The New York Times Film critic, D.J.R. Bruckner, wrote of the film in 1986: "stripped of some of the distractions of this presentation, their story has a touch of the classic. These people are not victims of blind forces; they make choices, defend them and grow in understanding, not always happily, as a result. Their story would be more enjoyable in a more polished film, but it has a power that is not dissipated by this one's weaknesses."

John Simon of the National Review called She's Gotta Have It a "cutesy, trivial sex carousel".

===Home media===
She's Gotta Have It was first released on VHS, initially by Key Video and later by PolyGram Video as part of a distribution deal with Chris Blackwell's Island World Group, which retained the rights following the purchase of Island Records by PolyGram (PolyGram would eventually acquire the rest of Island in December 1994).

In the mid-1990s, The Criterion Collection released the film on laserdisc. According to Lee's agent, the film was to be eventually released on DVD. Jonathan Turell of The Criterion Collection ended that rumor, saying "No for She's Gotta Have It. We don't have DVD rights." This laserdisc is the only release of the film that has the unrated director's cut, including sexual content that was cut to obtain an R rating. This release also contains an exclusive commentary by Spike Lee.

The film's first North American DVD release was in January 2008 by 20th Century Fox Home Entertainment through United Artists and Metro-Goldwyn-Mayer. Despite its availability on DVD in the United Kingdom, the DVD release for Region 1 took longer than expected.

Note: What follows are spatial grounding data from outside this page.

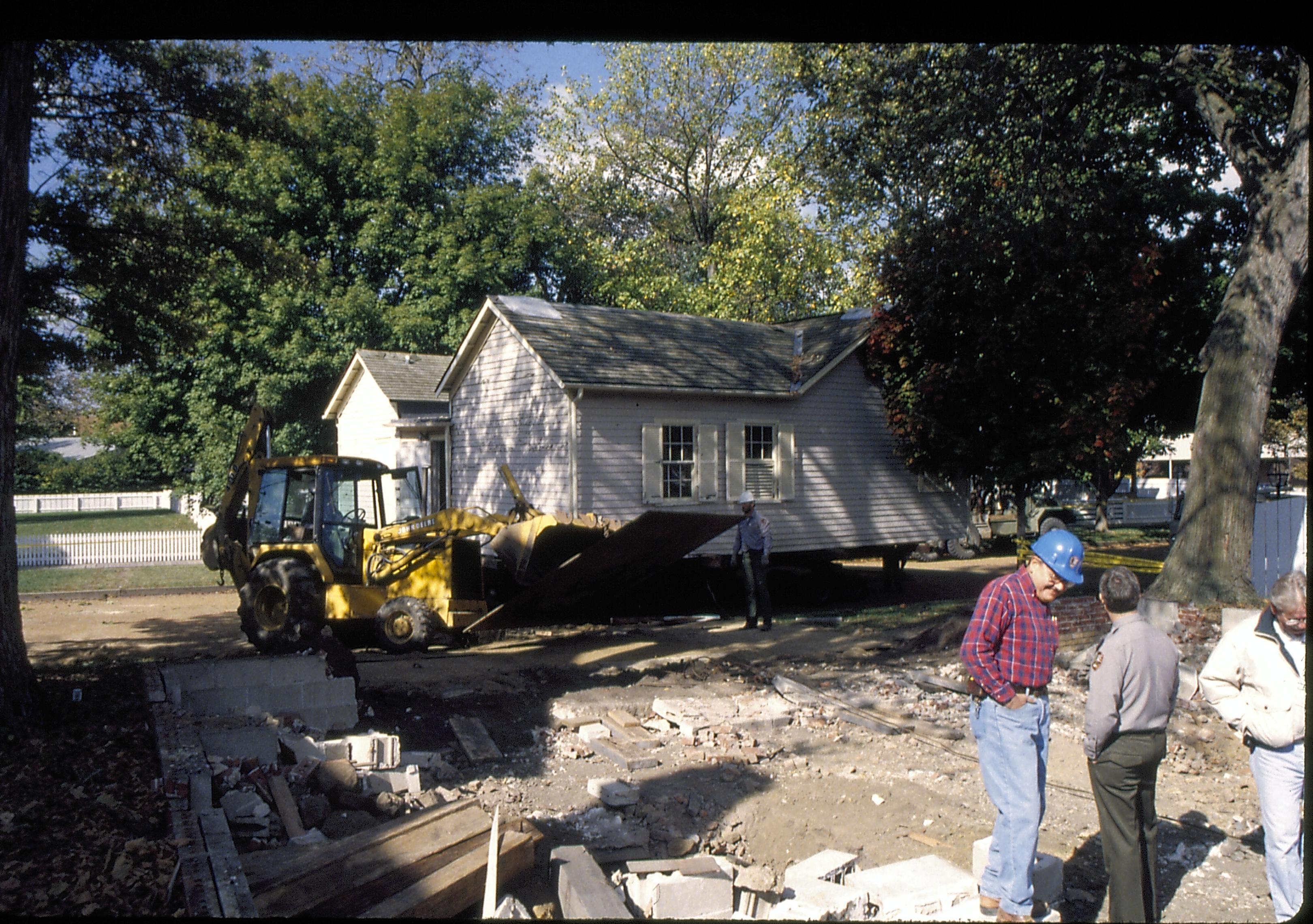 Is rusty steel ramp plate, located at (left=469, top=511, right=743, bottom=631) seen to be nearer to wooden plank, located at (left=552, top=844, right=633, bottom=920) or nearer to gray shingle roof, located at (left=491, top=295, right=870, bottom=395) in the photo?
gray shingle roof, located at (left=491, top=295, right=870, bottom=395)

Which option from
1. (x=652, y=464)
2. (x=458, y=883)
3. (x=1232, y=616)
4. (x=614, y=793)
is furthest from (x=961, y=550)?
(x=458, y=883)

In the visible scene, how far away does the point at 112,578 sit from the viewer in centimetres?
2186

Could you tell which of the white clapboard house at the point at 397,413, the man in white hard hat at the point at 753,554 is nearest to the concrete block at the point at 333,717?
the man in white hard hat at the point at 753,554

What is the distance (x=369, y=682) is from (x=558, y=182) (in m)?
29.8

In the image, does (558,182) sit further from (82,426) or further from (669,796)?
(82,426)

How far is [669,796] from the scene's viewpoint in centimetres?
694

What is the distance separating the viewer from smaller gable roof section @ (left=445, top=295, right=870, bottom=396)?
16.3m

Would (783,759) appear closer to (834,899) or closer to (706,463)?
(834,899)

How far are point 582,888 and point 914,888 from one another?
1.77 metres

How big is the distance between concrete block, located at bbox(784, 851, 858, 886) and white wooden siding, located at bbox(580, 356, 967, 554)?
34.4 feet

In 2010, the film was digitized in High Definition (1080i) and broadcast on MGM HD.

==Awards and honors==
- 1986 Cannes Film Festival
- Award of the Youth, Foreign Film – Spike Lee (won)

- 1986 Los Angeles Film Critics Awards
- New Generation Award – Spike Lee (won)

- 1987 Independent Spirit Awards
- Best First Feature – Spike Lee (won)
- Best Female Lead – Tracy Camilla Johns (nominated)

In 2019, the film was selected by the Library of Congress for preservation in the National Film Registry for being "culturally, historically, or aesthetically significant".

==TV series==

On September 15, 2016, Netflix announced a deal to produce a series based on the film, with Lee returning to direct the first season and serve as executive producer. Ten 30-minute episodes were ordered. Netflix released the series in November 2017. On July 17, 2019, Netflix canceled the series after two seasons.

===Reflection===
In 2014, Lee said that his one regret as a filmmaker was the rape scene in She's Gotta Have It:
If I was able to have any do-overs, that would be it. It was just totally ... stupid. I was immature. It made light of rape, and that's the one thing I would take back. I was immature and I hate that I did not view rape as the vile act that it is. I can promise you, there will be nothing like that in She's Gotta Have It, the TV show, that's for sure.